Carmelsoft Schema Server

Carmelsoft Schema Server

SchemaServer Home 1 - Carmelsoft Blog

In June of 2020, Carmel Software received a U.S. Department of Energy Small Business Innovation Research (SBIR) grant to develop a new software tool to help energy modelers and energy auditors better design and maintain energy efficient buildings. The details of that grant were detailed in a prior blog post. This blog post will detail the progress that we have made so far. First, we need to restate the problem that has become even more urgent since last year:

As part of its national infrastructure plan, the Biden Administration has set a goal to retrofit 2 million commercial and residential buildings over the next 4 years. Energy usage and energy auditing data for these buildings need to be stored in a consistent manner to help achieve this aggressive goal.

Simulating the energy usage of buildings using sophisticated software has become a key strategy in designing high performance buildings that can better meet the needs of society. Automated exchange of data between the architect’s software design tools and the energy consultant’s simulation software tools is an important part of the current and future building design process.

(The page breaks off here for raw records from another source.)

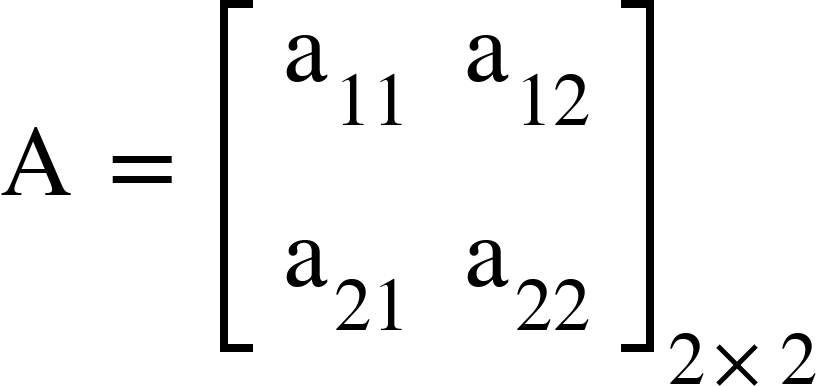 <math xmlns="http://www.w3.org/1998/Math/MathML"><mi mathvariant="normal">A</mi><mo>&#xA0;</mo><mo>=</mo><mo>&#xA0;</mo><msub><mfenced open="[" close="]"><mtable><mtr><mtd><msub><mi mathvariant="normal">a</mi><mn>11</mn></msub></mtd><mtd><msub><mi mathvariant="normal">a</mi><mn>12</mn></msub></mtd></mtr><mtr><mtd><msub><mi mathvariant="normal">a</mi><mn>21</mn></msub></mtd><mtd><msub><mi mathvariant="normal">a</mi><mn>22</mn></msub></mtd></mtr></mtable></mfenced><mrow><mn>2</mn><mo>&#xD7;</mo><mn>2</mn></mrow></msub></math>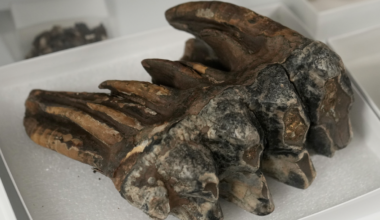Tooth from Pacific mastodon found in California creek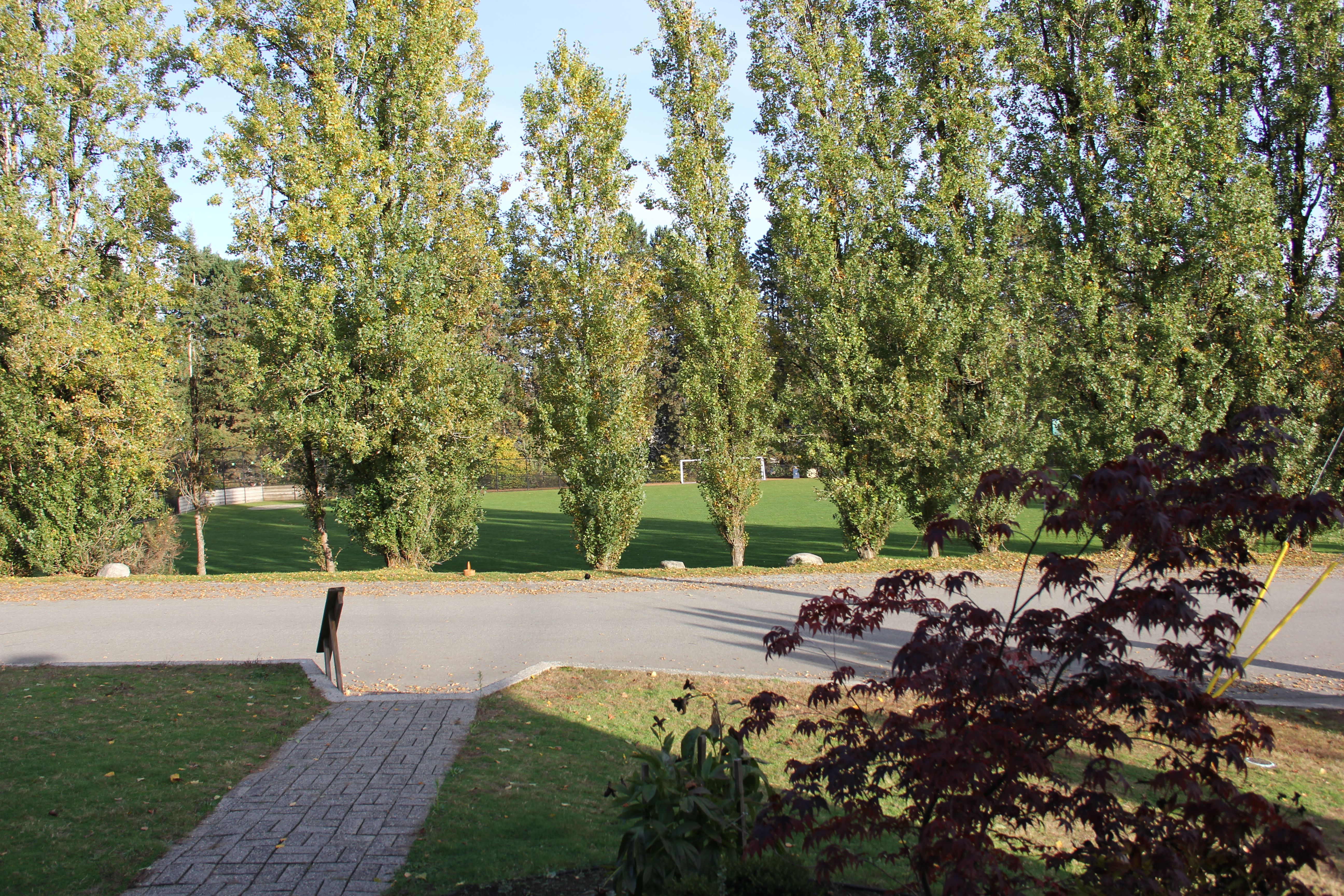 Affordable Private Room 3 for Students in Burquitlam near SkyTrain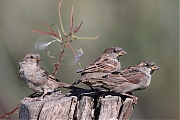 Huismus-20220903g14401A1A4872acrfb-Biesbosch.jpg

In the Phase I funding opportunity announcement (ie – request for proposal or “FOA”), the DOE’s Building Technology Office (BTO) was asking that bidders suggest new workflows for either BuildingSync or HPXML, which are schema “languages” that allow for the transfer of commercial and residential energy auditing information, respectively . Our proposal focused on BuildingSync XML since we are more focused on the commercial building market. Phase I of this proposal focused on the workflow that involves the U.S. Department of Energy’s Asset Score Audit Template to BuildingSync to the ASHRAE Building EQ benchmarking portal. Carmel Software successfully developed a beta of Schema Server that streamlines the flow of information from DOE’s Asset Score Audit Template into ASHRAE Building EQ. With the simple click of a button, the producing or consuming tool performs quick data checks, tests-case validations, and then transfers to the consuming tool (in this case, ASHRAE Building EQ). We also integrated a gbXML viewer and validator so that any accompanying gbXML file for the same building as the BuildingSync XML file could be validated and viewed (assuming it includes the building’s 3D geometry designed from a tool like Autodesk Revit). We also went a bit beyond the scope of the original proposal and added the following features based upon user feedback:

  1. We incorporated building data from additional data sources, most importantly from Energy Star Portfolio Manager. We are now able to import monthly and yearly building utility data (for electricity, natural gas, and other fuel types). This data is used by ASHRAE Building EQ to calculate the Building EQ Score. We do this by integrating with the Energy Star PM API (application programming interface).
  2. We talked with many energy auditors and all of them use Excel to tabulate data and create reports. We created an integration with Microsoft Office software including Word and Excel. This integration allows users to create customized Office templates with keycodes representing data types from the BuildingSync XML data schema. This, in turn, will populate these customized Office templates with actual data from the BuildingSync XML files. The benefit of this is it allows users to keep their custom reporting Excel templates and populate them with data imported by Schema Server.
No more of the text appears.